[Start of section]

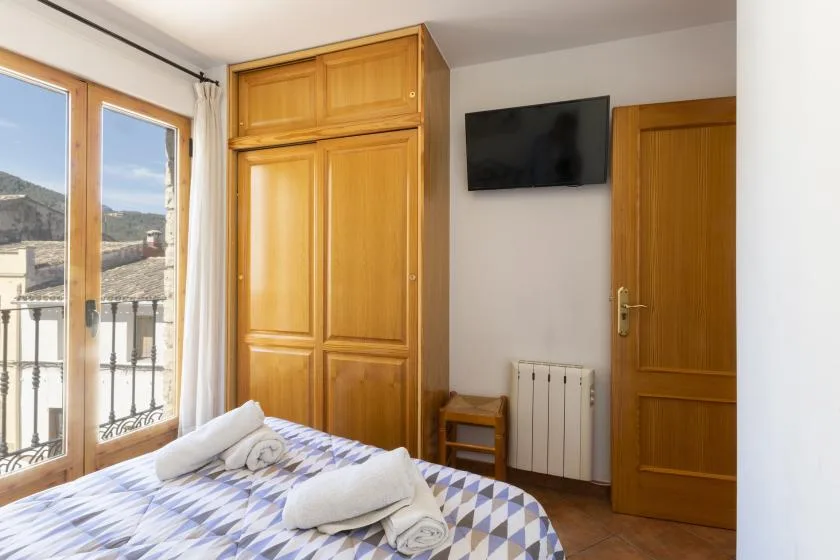 A bedroom with a patterned bedspread, wooden wardrobe, and windows overlooking a balcony.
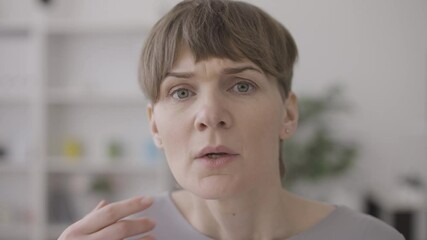 Upset female looking at wrinkles on face, unhappy with mirror reflection, aging
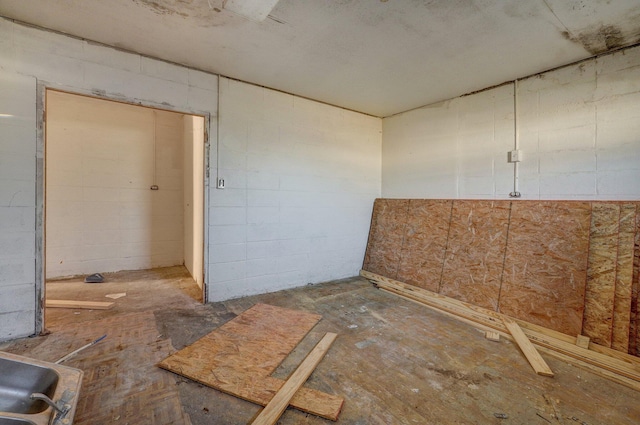 418 S Elm St, Mountain Grove, MO 65711 - empty room featuring concrete block wall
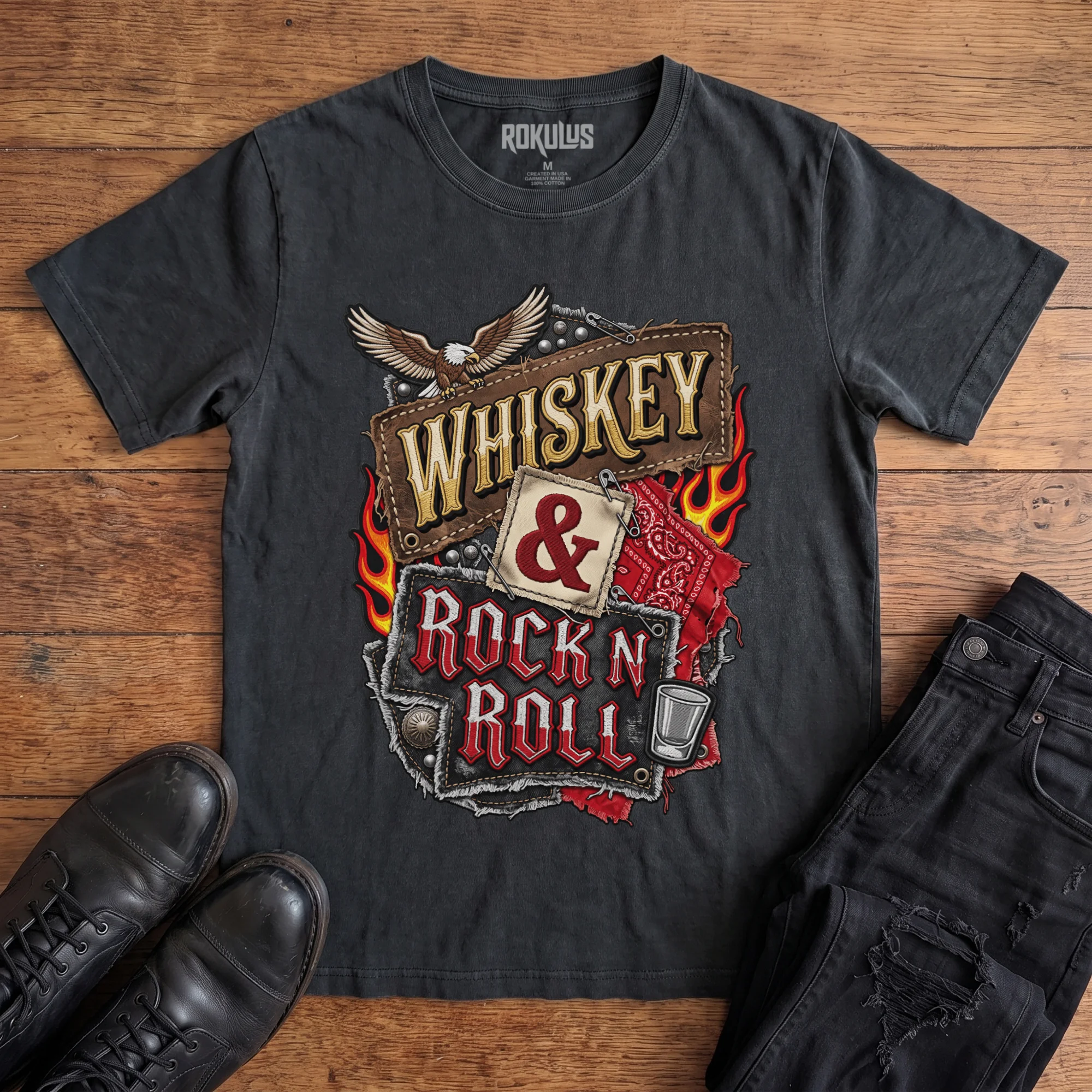 Washed black Rokulus Whiskey & Rock N Roll vintage graphic tee laid flat on wood with black boots and jeans, front print showing an embroidered biker-patch collage with a bald eagle, flames, red bandana, studs, and a shot glass around stitched “Whiskey & Rock N Roll” lettering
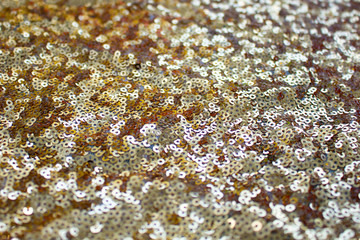 Sparkle golden cloth texture. Glitter shine background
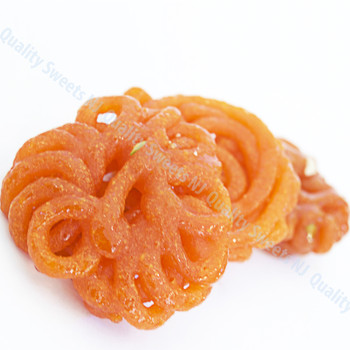 Flower shaped golden imarti soaked in syrup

[End of section]

**TASK PROMPT**
Your response must consist of the lines from the beginning of the data through the line containing "Sparkle golden cloth", transcribed exactly, with no pictures.

**RESULT**
 A bedroom with a patterned bedspread, wooden wardrobe, and windows overlooking a balcony.
 Upset female looking at wrinkles on face, unhappy with mirror reflection, aging
 418 S Elm St, Mountain Grove, MO 65711 - empty room featuring concrete block wall
 Washed black Rokulus Whiskey & Rock N Roll vintage graphic tee laid flat on wood with black boots and jeans, front print showing an embroidered biker-patch collage with a bald eagle, flames, red bandana, studs, and a shot glass around stitched “Whiskey & Rock N Roll” lettering
 Sparkle golden cloth texture. Glitter shine background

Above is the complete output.